⟨
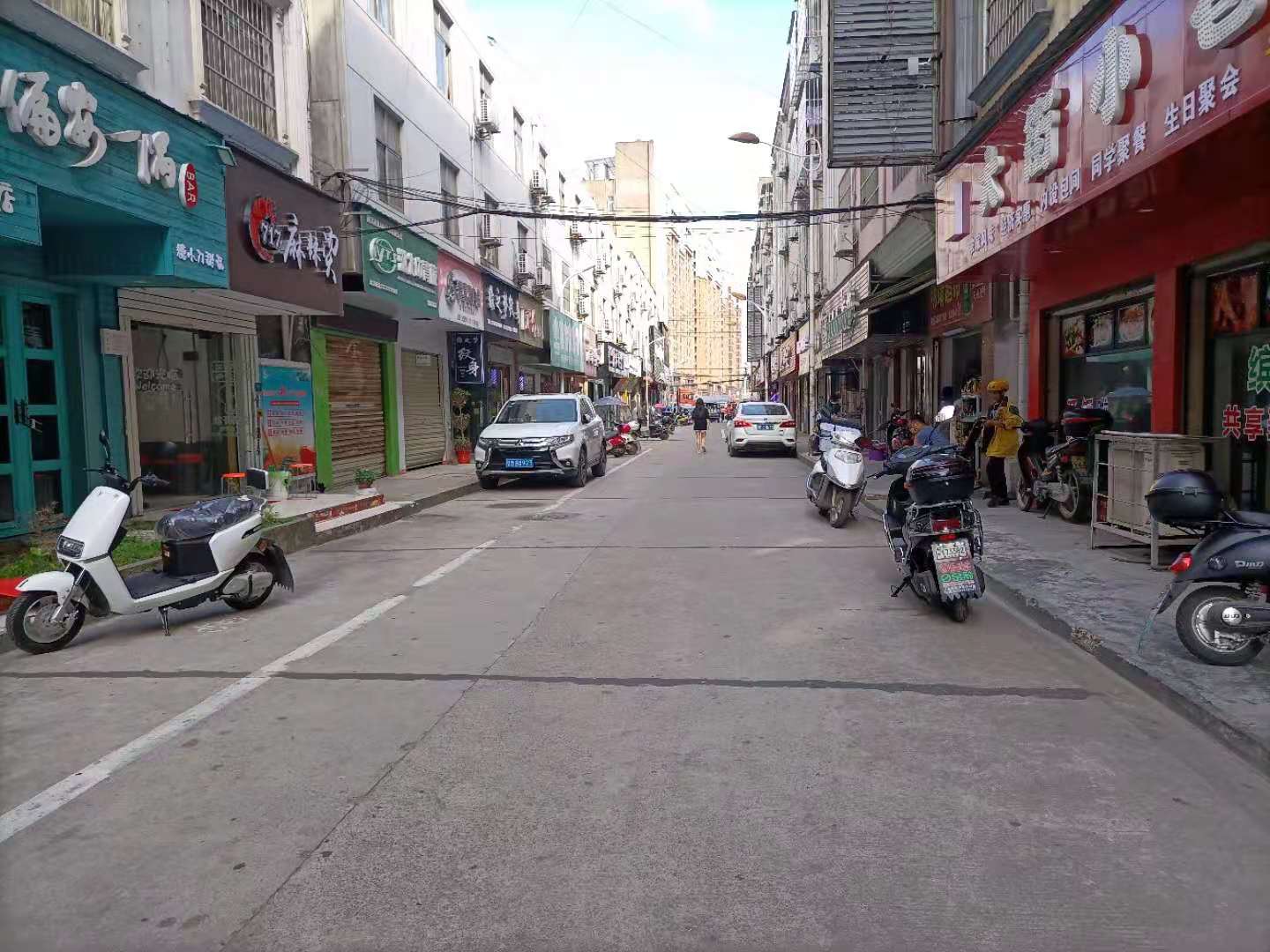 职院对面 旺铺出售  不动产证在手  可分三间铺面  低投入 高回报 诚意出售 后期费用低  可按揭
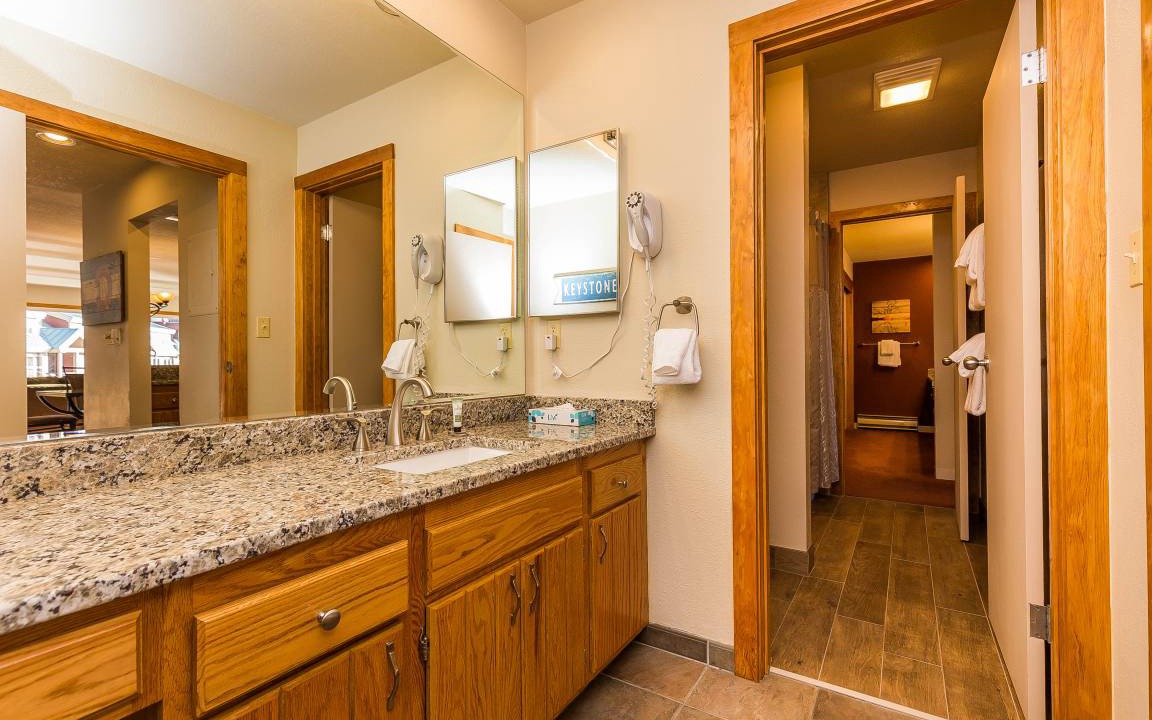 Photo of Bathroom in Lakeside Village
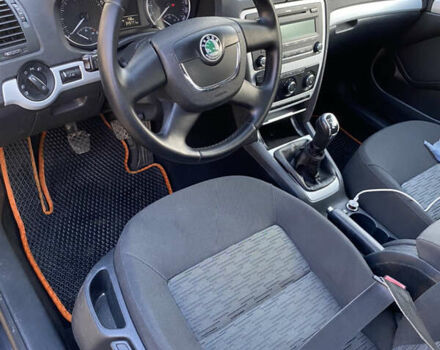 Чорний Шкода Октавія, об'ємом двигуна 1.6 л та пробігом 340 тис. км за 7200 $, фото 12 на Automoto.ua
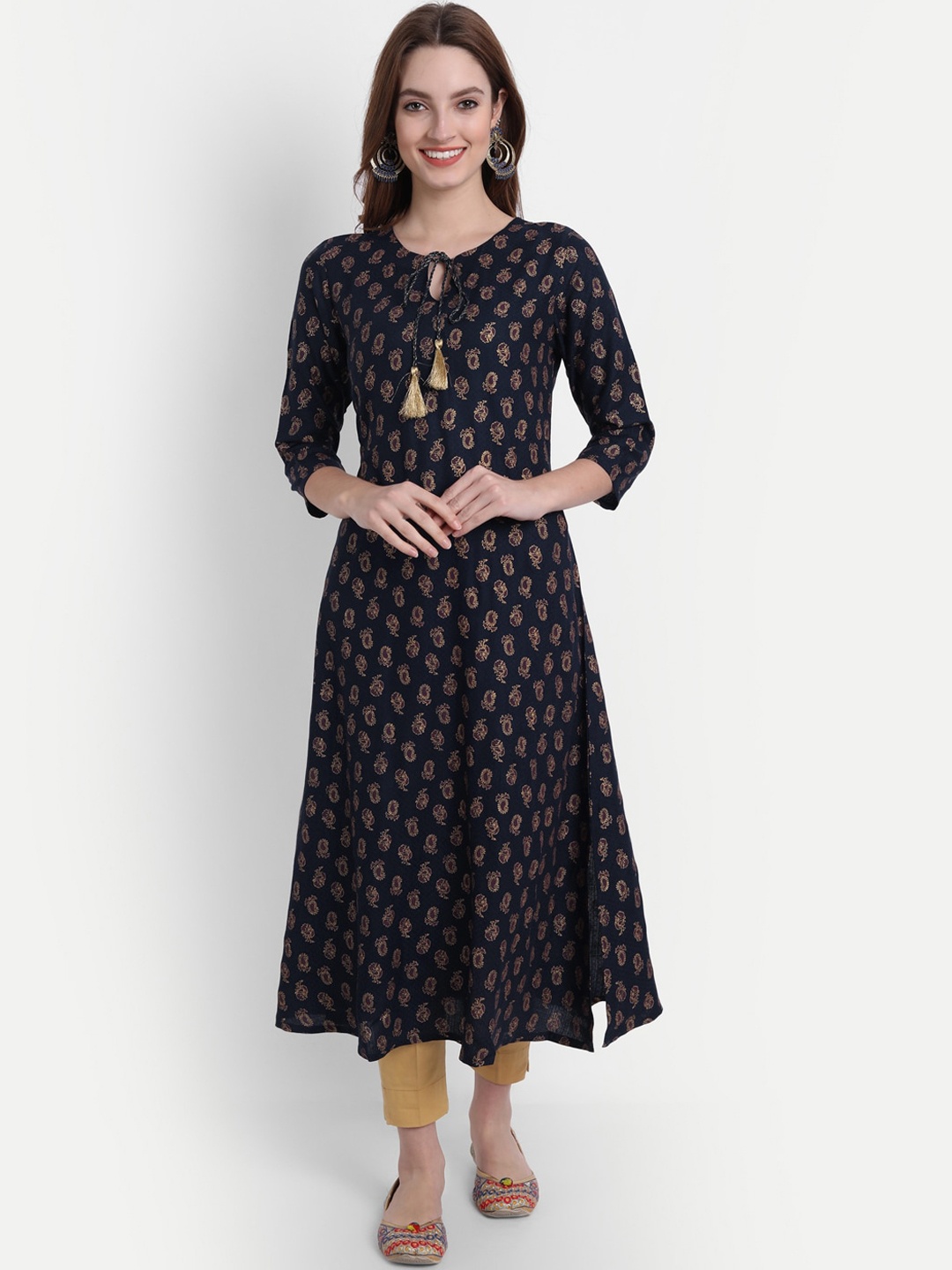 

SUTI Women Navy Blue Ethnic Motifs Printed Keyhole Neck Kurta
⟩
Pictures must be left out. Return verbatim only the lines from the line with "Photo of Bathroom in Lakeside Village" through the final line of the material above, including both ends.

→ **EXERCISE RESULT**
 Photo of Bathroom in Lakeside Village
 Чорний Шкода Октавія, об'ємом двигуна 1.6 л та пробігом 340 тис. км за 7200 $, фото 12 на Automoto.ua

SUTI Women Navy Blue Ethnic Motifs Printed Keyhole Neck Kurta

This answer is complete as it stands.